Videojournalism how easy is it 2

Picture ©2010 Dominique Brewster

Some time ago in Podgorica, Montenegro, I demonstrated to newspaper execs how easy it was to conduct a "three camera" interview with one.

Journalists who've attended the Press Association's course on videojournalism will have seen me display at least five different sort of interview techniques.

They'll also laugh at my deconstruction of news I've given since 2000 and how to circumvent traditional news structure derided by Mssr Charlie Brooker

Whether it's an interview, which you could say is easier to produce than a package, you've probably at some point wrestled with this thought.

Videojournalism - how easy is it? You simply pick up a camera and shoot.

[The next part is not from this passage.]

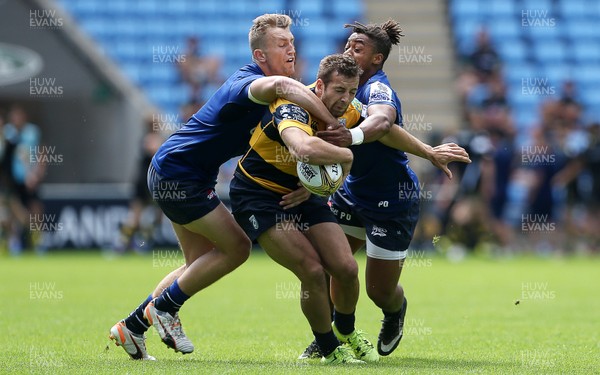 070816 - Singha Premiership Rugby 7s Series Final - Quarter Final - Cardiff Blues v Sale Sharks - James Beale of Cardiff Blues is tackled by Nick Scott and Paolo Odogwu of Sale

This question disguises an oversight: every one's got a stills camera; not everyone understands composition to the point it's a perception/abstraction auto event.

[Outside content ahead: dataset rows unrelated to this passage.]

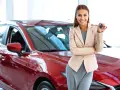 Donna sorridente con le chiavi in mano, accanto a una nuova auto rossa, pronta per il rodaggio.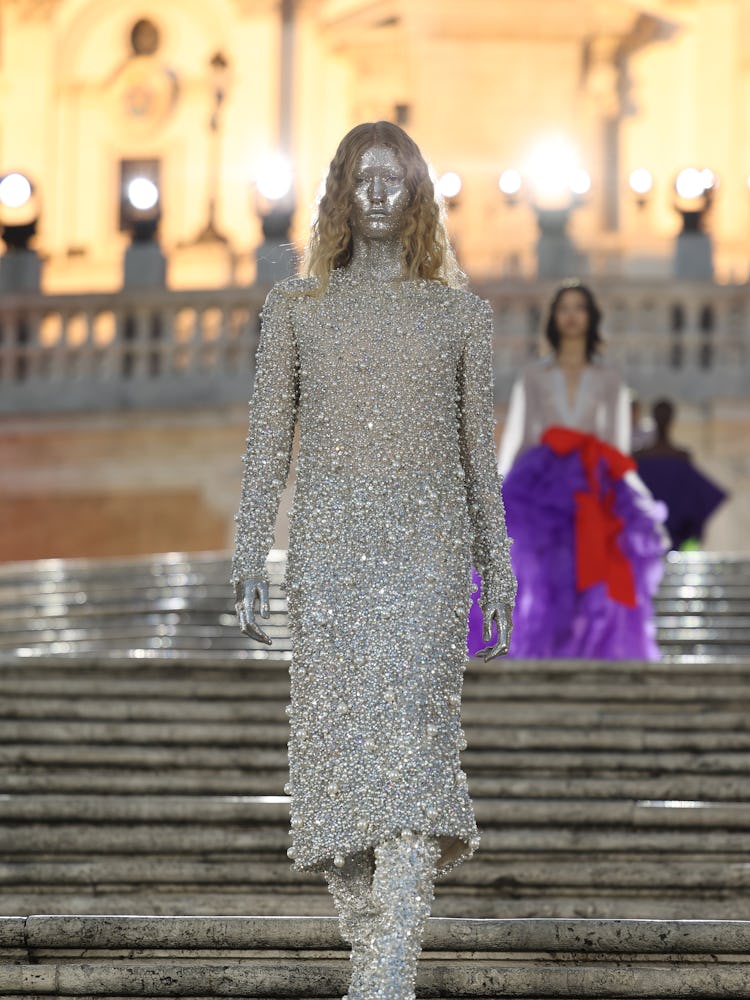 A model walking on the runway in a silver dress at the Valentino haute couture fall/winter 22/23 fas...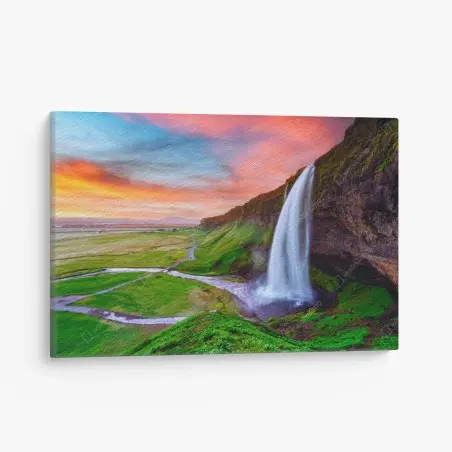 Canvas print Seljalandsfoss waterfall at sunset • Wallissimo®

Everyone's spoken down a phone, but how many of us talk within the optimum tonal range and can do what the best telephone sales people do or grip you on the radio.

The voice is indeed an instrument - politicians go on training programmes to often drop octaves - c.f. Margaret Thatcher. President Obama's oratory skills come from years on the hustings.

Videojournalism Verite
Many of us have would have acted as some point - the school nativity play. Journalism's performance blends the verite and the conceived. It has to be seamless otherwise watch out Brooker has you in his sight.

Now as a solo videojo you don't have the benefit of the camera operator to tell you your shirt collar had birds dropping on it.

Television news taught us to write for the eye, and we're now glib with it. We know the written word doesn't cut it and that if we're to take advantage of videojournalism's intimacy, we'd do well to attenuate our script accordingly.

Like zoo TV or radio - a stalwart of the early 90s is this the point where we can speak our thoughts as opposed to just deliver the facts and thus in the process not short change the viewer in what we've seen and heard.

Consider the point in this video where mid interview Ozwald makes an alternative point. In traditional news that would have been edited: I kept it in and it's been a source of interesting discourse in the US.



If videojournalism is the blog of the visual world, then it might be worth considering this.

Is videojournalism a happy accident in how the advent of technology has spawned video making or are we daring to design something that is as much about the sign of the times?

And consider this, which in years to come will I predict normalise - that videojournalism will become the apex of the inverted triangle. Because as a more acceptable and rigorous language takes hold we'll learn that the art of voicing, directing, producing, editing and creative hypervideo linking will be something highly, prized. But then you'll be a pro by then.

By the way it's happened in the literature world!